Riyadh, Saudi Arabia — On Sunday, just two days after a group of 30 men suspected of being affiliated with the Islamic State massacred upwards of 300 Sufi Muslims during prayers at the al Rawdah Sufi mosque in the Bir al-Abed region of the Sinai Peninsula. The Crown Prince of Saudi Arabia, Mohammad bin Salman bin Abdulaziz Al Saud, or MBS officially launched the predominately Sunni Islamic Military Counter Terrorism Coalition (IMCTC).
The IMCTC was first suggested and formed in 2015 after international outcry demanded that Saudi Arabia and other predominate Muslim countries who, they felt, weren’t doing enough in the fight against radical Islamic terrorism, specifically the spread of the apocalyptic terror group, the Islamic State put an Arab face on the fight and thwart the spread of this radical group and its equally radical ideology.
That plan was to have Saudi Arabia gather a ‘coalition of the willing’ from the Muslim world to fight terrorism across the Middle East with its headquarters in Riyadh. International support flew in from the likes of the United States and the United Kingdom who dubbed it the beginnings of the “Muslim NATO.”
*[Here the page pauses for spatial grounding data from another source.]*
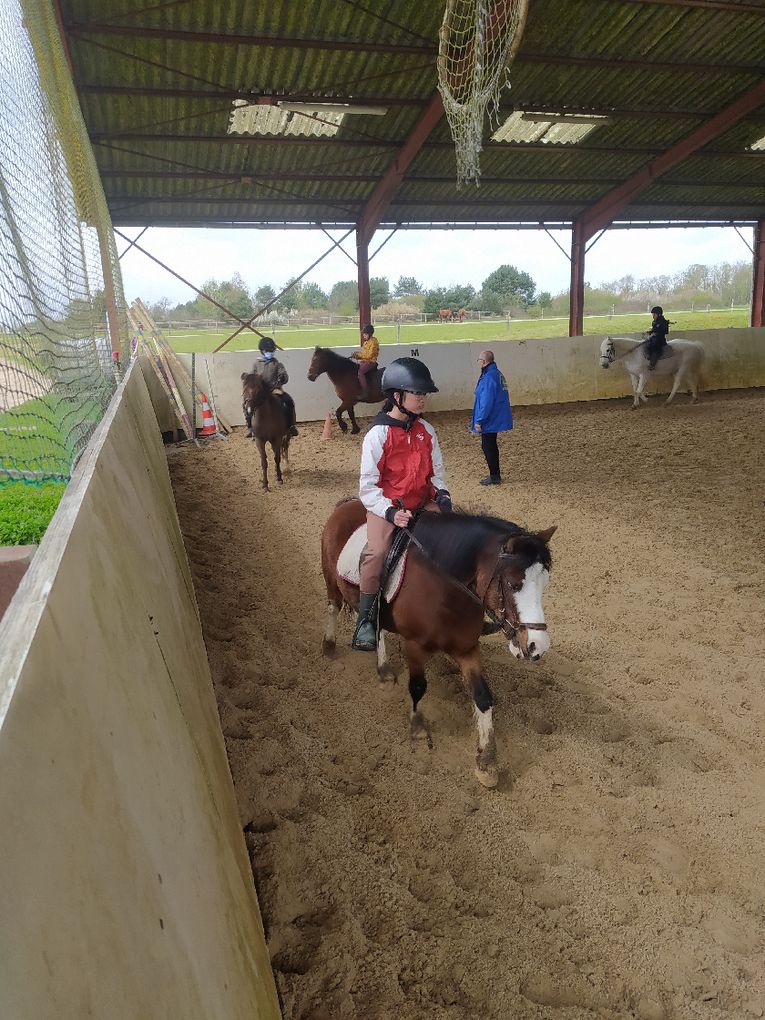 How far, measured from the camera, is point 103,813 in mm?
887

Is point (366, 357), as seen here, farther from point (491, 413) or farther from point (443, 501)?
point (443, 501)

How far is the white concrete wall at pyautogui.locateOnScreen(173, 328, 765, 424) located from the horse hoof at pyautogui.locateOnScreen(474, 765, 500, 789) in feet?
39.9

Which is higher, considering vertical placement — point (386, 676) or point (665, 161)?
point (665, 161)

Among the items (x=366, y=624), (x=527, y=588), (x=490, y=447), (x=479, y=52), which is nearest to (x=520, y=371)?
(x=490, y=447)

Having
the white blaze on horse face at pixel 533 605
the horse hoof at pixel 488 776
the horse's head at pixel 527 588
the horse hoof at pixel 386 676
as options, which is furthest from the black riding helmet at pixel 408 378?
the horse hoof at pixel 488 776

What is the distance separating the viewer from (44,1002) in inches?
23.5

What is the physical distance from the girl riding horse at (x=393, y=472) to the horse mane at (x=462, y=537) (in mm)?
190

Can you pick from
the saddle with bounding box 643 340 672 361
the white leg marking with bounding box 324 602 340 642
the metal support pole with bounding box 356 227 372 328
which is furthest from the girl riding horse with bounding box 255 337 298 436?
the saddle with bounding box 643 340 672 361

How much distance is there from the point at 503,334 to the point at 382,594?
94.3 feet

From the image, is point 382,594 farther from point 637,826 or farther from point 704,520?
point 704,520

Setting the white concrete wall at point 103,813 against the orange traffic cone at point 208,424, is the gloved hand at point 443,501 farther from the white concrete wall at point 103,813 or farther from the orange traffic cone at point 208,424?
the orange traffic cone at point 208,424

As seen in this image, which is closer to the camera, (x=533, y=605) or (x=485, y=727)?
(x=533, y=605)

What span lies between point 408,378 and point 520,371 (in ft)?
42.2

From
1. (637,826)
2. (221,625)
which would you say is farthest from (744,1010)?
(221,625) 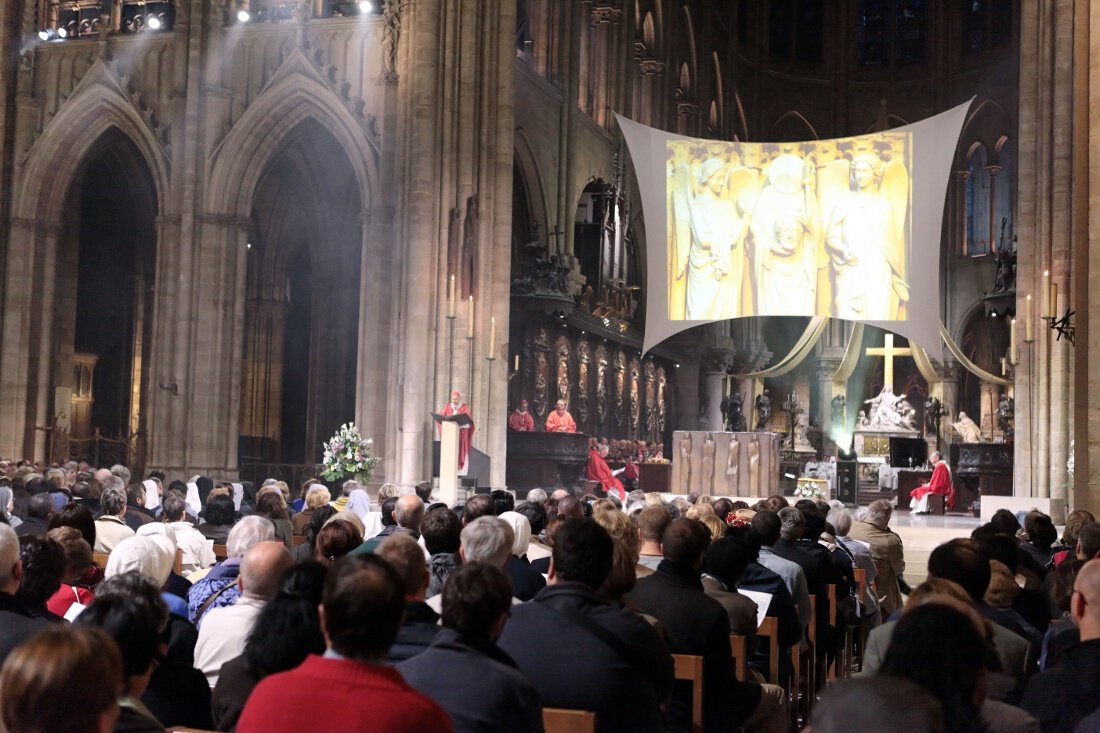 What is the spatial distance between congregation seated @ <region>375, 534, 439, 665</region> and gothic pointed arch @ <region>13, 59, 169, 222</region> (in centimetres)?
2076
And Prince Salman, who is one of the youngest ministers of defense in the world did just that. The IMCTC’s official opening statement on Sunday described the coalition as a, “pan-Islamic coalition of 41 predominantly Sunni Muslim countries will coordinate and multiply their individual efforts in the global fight against terrorism and violent extremism. The meeting [in Riyadh] marks the official launch of the IMCTC and strengthens the cooperation and integration of member countries in the coalition.”
Prince Salman also gave a commemorative speech in which he referenced the attack in Egypt as a, “very painful occurrence and must make us contemplate in an international and powerful way the role of this terrorism and extremism.” Salman went on, “In past years, terrorism has been functioning in all of our countries with no coordination. This ends today, with this alliance. We [IMCTC] will pursue terrorists until they are wiped from the face of the earth.”
The formation of this Muslim coalition is not without controversy as the many skeptics within the region, mainly from the predominate Shia countries of Syria, Iraq, and especially Iran who were left out of the coalition. The Iranian government is beginning to feel that this Sunni-led coalition is nothing other than a sectarian-based grouping and a direct threat to Iran and Shi’ite Muslims.
Salman solidifying the appointment of the former Pakistan Chief of the Army, General Raheel Sharif as the overall military commander of the IMCTC coalition, of course, also greatly irritated Iran.
Prince Salman didn’t try nor help quell Iran’s or the Shi’ite Muslim community fears of a Sunni coalition against them on Sunday at all. This has some experts, like Sebastian Sons, an associate fellow at the German Council of Foreign Relations, declaring that not only is, “[T]his alliance is a clear signal to the Arab-Islamic world that Saudi Arabia still wants to set the main agenda in regional policy and, of course, another instrument of containing Iran.”
Sons went on by saying that, “Saudi Arabia wants to present itself as a leading country in the fight against extremism and terrorism in order to get away from its image as a sponsor of radicalism,” Sons said. “In this regard, the fight against terrorism is a main pillar of the political agenda of Muhammad bin Salman in portraying himself as a modern, mainly secular leader of a ‘new Saudi Arabia.'”
The IMCTC coalition also left out Iraq and Syria who have been slogging it out with the Islamic State for years with U.S. military support, this decision by Saudi Arabia and the members of the IMCTC continues to fuel the controversy due to these countries being led by predominately Shia Muslims.
When questions on the decision to exclude these three countries in what most assuredly will only widen the Sunni/Shia divide came in from the media the IMCTC Secretary General, Abdulelah al-Saleh simply replied, “The enemy is terrorism. It’s not sects or religions or races, its terrorism.” Yet, Syria, Iraq, and especially Iran are not seeing it that way.